При дворе бродит молодая кровь, сам король рвется в бой, даже одиннадцатилетний Гастон хочет участвовать в сражениях. Юные принцы Суассон и Вандом грезят о лавровых венках победителей. Но в этом-то и загвоздка: доверить им армию опасно, наверняка они будут соперничать и стараться превзойти друг друга в удальстве. Более опытные полководцы, например, герцоги де Гиз или Бульонский, тоже ненадежны: еще неизвестно, не переметнутся ли они на другую сторону, получив под свое командование войска. Да и время сейчас смутное.
Вернувшись с прогулки, Ришелье и Бетюн еще с порога услыхали громкие голоса: между Руччелаи и д’Э-перноном разгорелась бурная ссора. Итальянец петухом наскакивал на старого герцога, обвиняя его в трусости. Тот затрясся от незаслуженной обиды; маркиз де Лавалетт выхватил шпагу, вступившись за отца, и неизвестно, чем бы кончилось дело, если бы подоспевшие Ришелье и Шантелуб их не разняли.
На следующий день к королевским посланцам прибыло подкрепление в лице кардинала де Ларошфуко. Переговоры возобновились, Мария была уже готова уступить — но на своих условиях! — когда произошло событие, ускорившее исход дела. Маршал Шомберг без боя занял Юзерш (жители сами раскрыли ему ворота) и стоял в двух переходах от Ангулема. Руччелаи призывал немедленно идти навстречу Шомбергу и дать ему бой; д’Эпернон заявил, что опасности никогда не боялся, но на самоубийство не пойдет, и покинул зал совета. Мария Медичи, в полном смятении чувств, также ушла к себе.
Она оцепенела. Сидела в кресле, глядя в одну точку, и не могла ни о чем думать. Утекали секунды, сливаясь в минуты, а она не двигалась, не шевелилась.
Вдруг распахнулась дверь, и в комнату влетел Руччелаи. Прошел к окну и остановился, нервно хрустя суставами пальцев.
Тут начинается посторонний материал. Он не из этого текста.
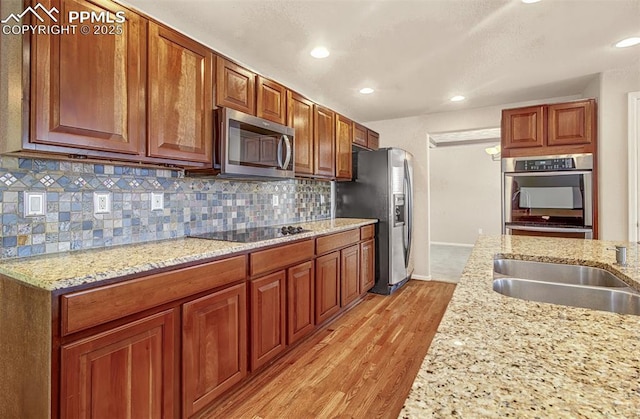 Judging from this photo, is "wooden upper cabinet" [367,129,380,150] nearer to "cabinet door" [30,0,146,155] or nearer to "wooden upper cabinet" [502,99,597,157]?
"wooden upper cabinet" [502,99,597,157]

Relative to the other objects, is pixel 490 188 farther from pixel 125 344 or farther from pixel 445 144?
pixel 125 344

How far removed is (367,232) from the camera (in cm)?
363

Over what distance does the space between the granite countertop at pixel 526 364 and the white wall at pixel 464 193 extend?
6951 mm

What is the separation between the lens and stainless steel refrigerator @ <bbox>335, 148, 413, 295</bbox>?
12.5ft

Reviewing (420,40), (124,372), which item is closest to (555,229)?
(420,40)

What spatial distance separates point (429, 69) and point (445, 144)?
417 cm

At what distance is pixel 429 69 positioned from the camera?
2.80 metres

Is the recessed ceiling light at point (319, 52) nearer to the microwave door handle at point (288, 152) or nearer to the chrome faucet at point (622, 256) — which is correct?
the microwave door handle at point (288, 152)

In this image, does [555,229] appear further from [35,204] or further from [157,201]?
[35,204]

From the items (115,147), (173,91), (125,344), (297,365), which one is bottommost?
(297,365)

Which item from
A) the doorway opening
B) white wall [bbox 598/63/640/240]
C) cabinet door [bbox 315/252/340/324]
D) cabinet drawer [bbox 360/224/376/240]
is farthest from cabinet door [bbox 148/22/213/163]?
the doorway opening

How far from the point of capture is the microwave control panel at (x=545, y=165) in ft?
9.95

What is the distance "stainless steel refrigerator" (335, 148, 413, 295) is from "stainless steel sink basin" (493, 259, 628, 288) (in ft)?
6.87

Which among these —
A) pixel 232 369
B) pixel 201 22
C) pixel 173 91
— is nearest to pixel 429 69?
pixel 201 22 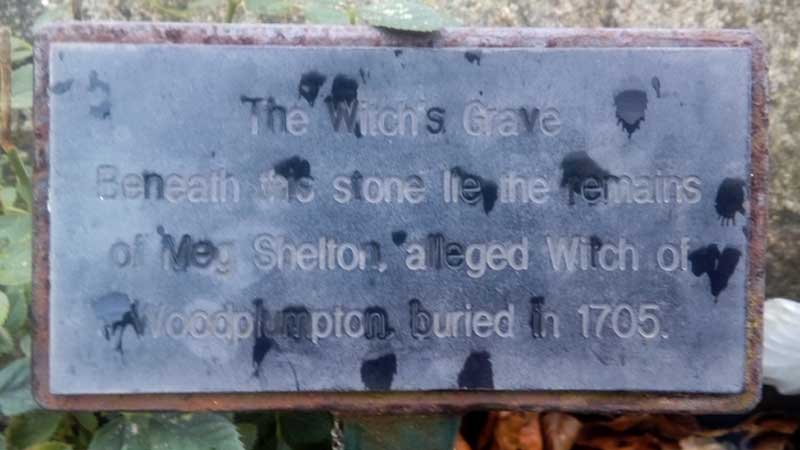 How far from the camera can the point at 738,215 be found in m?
1.07

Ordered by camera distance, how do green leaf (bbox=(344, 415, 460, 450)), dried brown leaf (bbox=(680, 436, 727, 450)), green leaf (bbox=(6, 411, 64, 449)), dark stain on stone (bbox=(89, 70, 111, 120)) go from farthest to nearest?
dried brown leaf (bbox=(680, 436, 727, 450))
green leaf (bbox=(6, 411, 64, 449))
green leaf (bbox=(344, 415, 460, 450))
dark stain on stone (bbox=(89, 70, 111, 120))

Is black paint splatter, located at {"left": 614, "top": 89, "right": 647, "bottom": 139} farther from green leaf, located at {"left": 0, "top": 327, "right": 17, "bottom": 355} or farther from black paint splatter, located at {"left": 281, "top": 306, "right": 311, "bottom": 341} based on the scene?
green leaf, located at {"left": 0, "top": 327, "right": 17, "bottom": 355}

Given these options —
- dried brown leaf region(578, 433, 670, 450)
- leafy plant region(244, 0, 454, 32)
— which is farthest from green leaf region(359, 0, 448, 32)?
dried brown leaf region(578, 433, 670, 450)

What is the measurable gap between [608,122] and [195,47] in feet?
1.63

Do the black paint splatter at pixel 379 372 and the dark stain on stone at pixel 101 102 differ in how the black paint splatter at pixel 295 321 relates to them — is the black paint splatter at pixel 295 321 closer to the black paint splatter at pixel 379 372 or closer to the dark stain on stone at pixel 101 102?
the black paint splatter at pixel 379 372

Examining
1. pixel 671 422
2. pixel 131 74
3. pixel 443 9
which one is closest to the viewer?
pixel 131 74

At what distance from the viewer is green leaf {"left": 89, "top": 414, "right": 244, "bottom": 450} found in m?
1.12

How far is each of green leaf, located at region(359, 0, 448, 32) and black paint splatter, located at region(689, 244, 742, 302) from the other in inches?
16.3

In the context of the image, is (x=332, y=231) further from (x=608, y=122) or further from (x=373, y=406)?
(x=608, y=122)

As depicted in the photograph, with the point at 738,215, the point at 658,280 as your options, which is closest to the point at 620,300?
the point at 658,280

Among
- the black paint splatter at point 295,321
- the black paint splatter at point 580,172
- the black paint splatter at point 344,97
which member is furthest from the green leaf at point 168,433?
the black paint splatter at point 580,172

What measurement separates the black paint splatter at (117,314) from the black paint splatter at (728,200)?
70cm

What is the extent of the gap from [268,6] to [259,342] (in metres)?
0.48

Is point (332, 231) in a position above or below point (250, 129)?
below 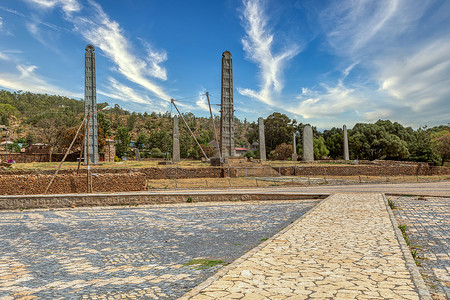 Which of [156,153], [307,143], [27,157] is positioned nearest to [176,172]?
[307,143]

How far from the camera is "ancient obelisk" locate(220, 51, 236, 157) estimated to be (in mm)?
34906

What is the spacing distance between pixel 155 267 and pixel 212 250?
1626mm

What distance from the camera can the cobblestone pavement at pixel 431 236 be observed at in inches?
190

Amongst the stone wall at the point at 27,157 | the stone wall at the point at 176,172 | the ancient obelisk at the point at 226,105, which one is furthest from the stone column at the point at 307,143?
the stone wall at the point at 27,157

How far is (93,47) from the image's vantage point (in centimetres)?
3528

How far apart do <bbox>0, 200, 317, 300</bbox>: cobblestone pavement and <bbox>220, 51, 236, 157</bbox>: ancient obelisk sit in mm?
20593

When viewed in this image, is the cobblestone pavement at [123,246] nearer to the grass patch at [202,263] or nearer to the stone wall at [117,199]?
the grass patch at [202,263]

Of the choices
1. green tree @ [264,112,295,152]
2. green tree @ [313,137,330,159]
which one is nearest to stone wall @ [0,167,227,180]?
green tree @ [313,137,330,159]

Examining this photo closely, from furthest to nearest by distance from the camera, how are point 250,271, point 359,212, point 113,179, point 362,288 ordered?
point 113,179 → point 359,212 → point 250,271 → point 362,288

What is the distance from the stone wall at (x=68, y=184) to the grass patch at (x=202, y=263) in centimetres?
1616

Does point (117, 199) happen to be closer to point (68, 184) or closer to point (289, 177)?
point (68, 184)

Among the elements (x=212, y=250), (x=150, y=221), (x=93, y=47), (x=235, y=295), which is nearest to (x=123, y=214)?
(x=150, y=221)

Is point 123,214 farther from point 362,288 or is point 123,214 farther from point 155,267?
point 362,288

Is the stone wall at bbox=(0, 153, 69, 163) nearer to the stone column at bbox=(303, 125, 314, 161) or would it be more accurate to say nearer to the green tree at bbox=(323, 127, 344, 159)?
the stone column at bbox=(303, 125, 314, 161) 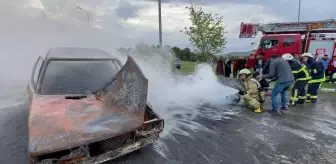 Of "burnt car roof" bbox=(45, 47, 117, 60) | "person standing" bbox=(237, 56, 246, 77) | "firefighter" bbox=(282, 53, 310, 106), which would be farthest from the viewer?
"person standing" bbox=(237, 56, 246, 77)

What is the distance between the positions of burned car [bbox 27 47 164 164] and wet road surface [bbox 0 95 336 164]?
484 millimetres

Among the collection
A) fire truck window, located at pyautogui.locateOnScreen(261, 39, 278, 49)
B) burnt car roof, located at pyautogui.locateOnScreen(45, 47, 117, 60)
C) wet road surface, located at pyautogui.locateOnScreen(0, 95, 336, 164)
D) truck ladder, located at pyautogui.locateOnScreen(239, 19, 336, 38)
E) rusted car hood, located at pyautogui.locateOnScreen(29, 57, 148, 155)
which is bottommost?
wet road surface, located at pyautogui.locateOnScreen(0, 95, 336, 164)

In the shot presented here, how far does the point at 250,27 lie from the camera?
59.9 ft

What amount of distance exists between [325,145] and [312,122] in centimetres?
158

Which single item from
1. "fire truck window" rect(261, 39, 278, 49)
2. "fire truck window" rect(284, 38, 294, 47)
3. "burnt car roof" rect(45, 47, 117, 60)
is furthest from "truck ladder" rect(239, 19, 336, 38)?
"burnt car roof" rect(45, 47, 117, 60)

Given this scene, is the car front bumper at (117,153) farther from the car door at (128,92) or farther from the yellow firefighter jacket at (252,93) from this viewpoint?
the yellow firefighter jacket at (252,93)

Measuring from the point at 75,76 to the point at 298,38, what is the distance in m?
14.2

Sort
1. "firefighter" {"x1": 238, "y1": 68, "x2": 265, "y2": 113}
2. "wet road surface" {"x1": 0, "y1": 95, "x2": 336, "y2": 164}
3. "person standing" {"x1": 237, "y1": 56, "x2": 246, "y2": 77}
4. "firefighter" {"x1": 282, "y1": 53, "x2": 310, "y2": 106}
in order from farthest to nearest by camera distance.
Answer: "person standing" {"x1": 237, "y1": 56, "x2": 246, "y2": 77}
"firefighter" {"x1": 282, "y1": 53, "x2": 310, "y2": 106}
"firefighter" {"x1": 238, "y1": 68, "x2": 265, "y2": 113}
"wet road surface" {"x1": 0, "y1": 95, "x2": 336, "y2": 164}

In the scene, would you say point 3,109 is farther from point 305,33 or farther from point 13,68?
point 305,33

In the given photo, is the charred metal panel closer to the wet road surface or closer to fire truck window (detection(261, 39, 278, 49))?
the wet road surface

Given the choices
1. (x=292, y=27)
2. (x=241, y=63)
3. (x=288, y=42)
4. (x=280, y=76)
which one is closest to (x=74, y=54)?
(x=280, y=76)

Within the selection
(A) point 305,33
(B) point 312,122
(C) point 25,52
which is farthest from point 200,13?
(B) point 312,122

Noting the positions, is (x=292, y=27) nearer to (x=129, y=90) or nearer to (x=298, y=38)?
(x=298, y=38)

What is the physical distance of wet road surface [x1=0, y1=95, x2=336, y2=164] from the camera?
384cm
Его горбоносый профиль четко вырисовывался на фоне окна, глаза горели.
— Ваш герцог — ничтожество, — отрывисто сказал он, повернувшись к Марии, — бездарность, тряпка. Самой большой нашей ошибкой было поручить ему командование.
Мария молчала. Руччелаи метнулся к ней, сел на скамеечку у ног, заговорил пылко, страстно, глядя на нее снизу вверх:
— Еще не все потеряно! Надо отступить в Сент, потом в Бруаж, оттуда отплыть в Англию! Король Англии вдов, предложите ему свою руку, и вы вернетесь в Париж государыней двух королевств!